Data for processing:
# # #
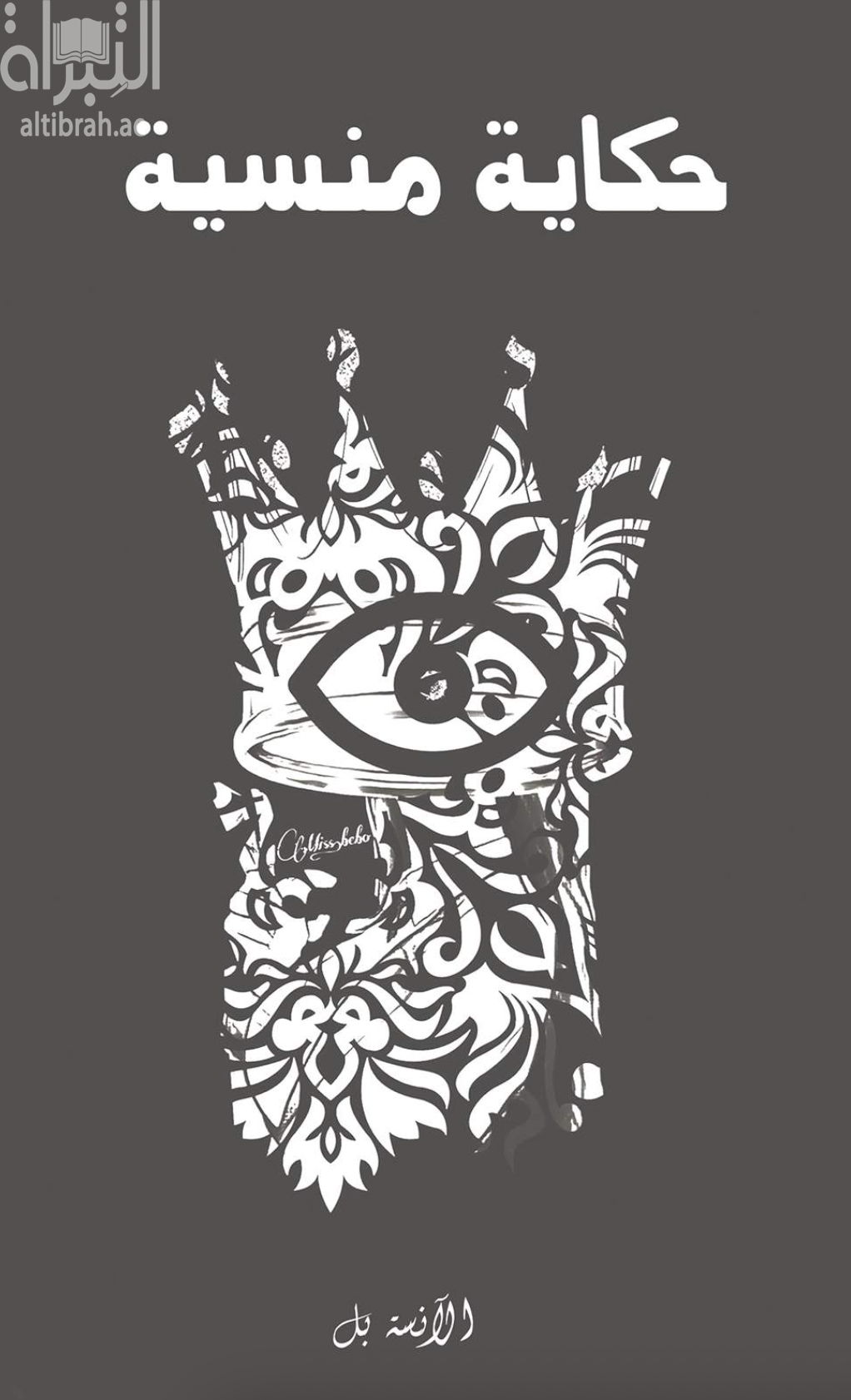 حكاية منسية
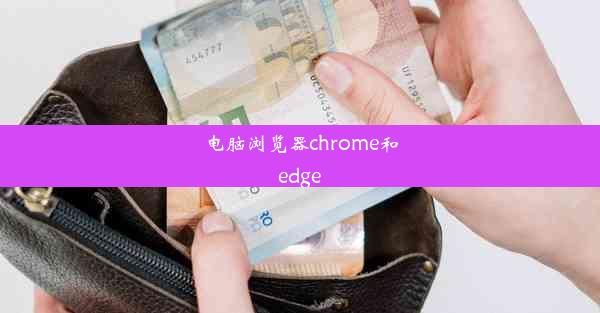 电脑浏览器chrome和edge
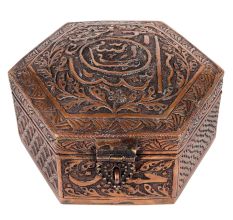 Copper Storage Box Embossed Six Sided Handmade Box
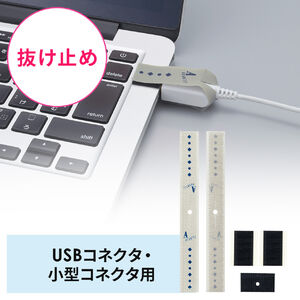 I/Oロックジョイント（USB/HDMI中継プラグ対応・抜け防止・面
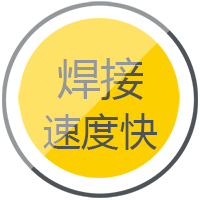 滬工逆變式鋼筋對焊機(jī)DS 400/500焊接速度快，更穩(wěn)定。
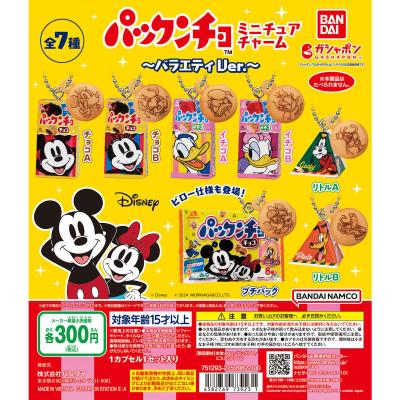 パックンチョ ミニチュアチャーム バラエティVer.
# # #
Work instruction:
These lines alone form the answer: the one containing "Copper Storage Box" and every line after it through the end of the material, exactly as written, pictures left out.

Answer to the exercise:
 Copper Storage Box Embossed Six Sided Handmade Box
 I/Oロックジョイント（USB/HDMI中継プラグ対応・抜け防止・面
 滬工逆變式鋼筋對焊機(jī)DS 400/500焊接速度快，更穩(wěn)定。
 パックンチョ ミニチュアチャーム バラエティVer.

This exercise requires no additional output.